Casualidades de la vida. La noche que entrevistaban a José María Aznar en Antena 3 cené en Madrid con uno de sus más estrechos colaboradores. Lo fue en su etapa de Presidente del Gobierno, y lo sigue siendo hoy en día. Me pidió que nos citáramos tarde, porque quería escuchar en directo la entrevista con el ex-presidente. Quedamos cerca de su despacho, así que me tuve que desplazar desde otra zona de la capital. Por lo tanto, cuando llegó, yo no había tenido oportunidad de escuchar ni una palabra de la entrevista. Tras los saludos de rigor, le pregunté cómo había ido. Y entonces me hizo un breve resumen de los contenidos de su intervención. Excepto los comentarios sobre el Grupo Prisa, que entendió que habían sido extremadamente contundentes, el resto fue un relato pacífico de una serie de respuestas cabales a cada asunto que se le planteó por los tres periodistas: el chantaje de Bárcenas, la crisis institucional, su relación con Rajoy, el problema territorial, la reforma fiscal pendiente, la defensa de las clases medias, su concepto del liderazgo político, y el futuro de la monarquía. Cambiamos de tema, convencido del alto contenido político de la comparecencia televisiva, pero no de su voltaje incendiario. Esto último lo comencé a atisbar ya tumbado esa noche en la cama del hotel, con un Ipad entre las manos.

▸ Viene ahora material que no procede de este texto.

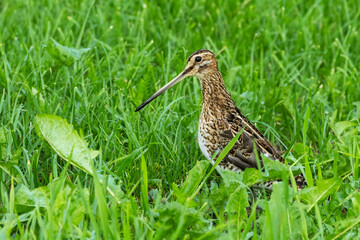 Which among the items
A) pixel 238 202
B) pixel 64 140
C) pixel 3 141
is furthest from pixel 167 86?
pixel 238 202

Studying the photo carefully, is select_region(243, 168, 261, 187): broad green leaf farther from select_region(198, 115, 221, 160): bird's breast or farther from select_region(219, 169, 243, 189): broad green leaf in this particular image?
select_region(198, 115, 221, 160): bird's breast

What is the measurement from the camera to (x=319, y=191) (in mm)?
3332

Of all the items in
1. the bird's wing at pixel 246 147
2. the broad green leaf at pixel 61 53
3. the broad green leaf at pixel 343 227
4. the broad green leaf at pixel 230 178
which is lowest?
the bird's wing at pixel 246 147

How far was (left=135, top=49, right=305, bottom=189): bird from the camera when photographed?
417 centimetres

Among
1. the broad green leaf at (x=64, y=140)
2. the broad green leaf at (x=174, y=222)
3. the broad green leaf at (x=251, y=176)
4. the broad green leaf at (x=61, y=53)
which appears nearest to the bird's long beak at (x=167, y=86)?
the broad green leaf at (x=61, y=53)

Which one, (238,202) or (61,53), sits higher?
(61,53)

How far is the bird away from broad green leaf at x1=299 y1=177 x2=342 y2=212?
26.5 inches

Mi interlocutor es una persona extremadamente inteligente, y tiene un conocimiento muy profundo de las relaciones del poder con los medios de comunicación. He referido con detalle el inicio de aquel encuentro para que se entienda por qué creo que las personas más cercanas a Aznar no eran conscientes con antelación de la tormenta política que se iba a originar, cuyo bravío oleaje aún bate los diques del puerto de Génova. El ex-presidente no dijo nada que no llevara meses repitiendo en privado cada vez que hace escala en la villa y corte, por eso quienes lo tratan a diario debieron escuchar sus declaraciones como quien se relaja con el hilo musical de fondo. Y es que el tsunami mediático no lo ha provocado el contenido de su intervención. Dijo que España se enfrenta a una crisis institucional sin precedentes en las últimas décadas, que el tema de las autonomías se nos ha ido de las manos, que los partidos nacionalistas se han convertido en secesionistas, que el gobierno de Cataluña se salta a la torera la legalidad vigente, que había que bajar los impuestos y que las clases medias de este país están siendo esquilmadas. Y al día siguiente algunos interpretaron que lo que había hecho Aznar era conectar con el sentir de muchos votantes decepcionados del PP. Y del PSOE, añado yo, y de UPyD. O sea, que una amplísima mayoría del electorado suscribiría todo eso, siempre y cuando no lo vaya predicando Aznar. El problema es que este hombre cae fatal, y siempre le da a uno la sensación de que le gusta un poco provocar ese rechazo, que forma parte de su mecanismo de afirmación. Cuando uno expone ideas tan sensatas como las que he enumerado, no hace falta ir arreando pescozones por el callejón del coso de su partido, mientras te ofreces para entrar en el albero al grito de: ¡dejadme sólo!
Los que odian a Aznar, que son muchos, quieren convencernos que la animadversión que genera su hiperliderazgo proviene inexorablemente de las ideas que defiende. Y que su mayoría absoluta del año 2000 fue fruto de la borrachera generalizada de casi todo un país, afectado por la burbujas del champán inmobiliario. Pero es falso. Lo que hizo Ronald Reagan en Estados Unidos durante la década de los ochenta deja a Aznar a la altura de un progre de plastilina. Y al cowboy lo adoraban. Thatcher partió el espinazo de unos sindicatos violentos que incendiaron durante meses las calles de las principales ciudades del país, pero a la señora la apuñalaron políticamente los brutos de su partido, no los electores.
Hoy necesitamos liderazgos fuertes, sí, pero no autocráticos. Creo que hasta al más leal de los seguidores de Aznar le provocó sonrojo escuchar el yo repetidamente en boca del ex-presidente cuando se atribuía la creación de seis millones de puestos de trabajo durante sus dos mandatos. El tamaño de la catedral que hay que reconstruir hoy España es tan colosal que se precisa el concurso de muchos brazos, espantados una vez más por ese discurso de gesto roqueño y glacial. Y yo, como afirmaba Ramón Aguiló en su brillante artículo del pasado jueves en estas mismas páginas, tampoco sé cuándo se jodió España. Si creo que la mínima confianza necesaria entre los dos grandes partidos de este país se hizo saltar por los aires desde las cloacas del Estado entre el 11 y el 14 de marzo de 2004. Pero eso precisamente tampoco lo va a poder arreglar Aznar.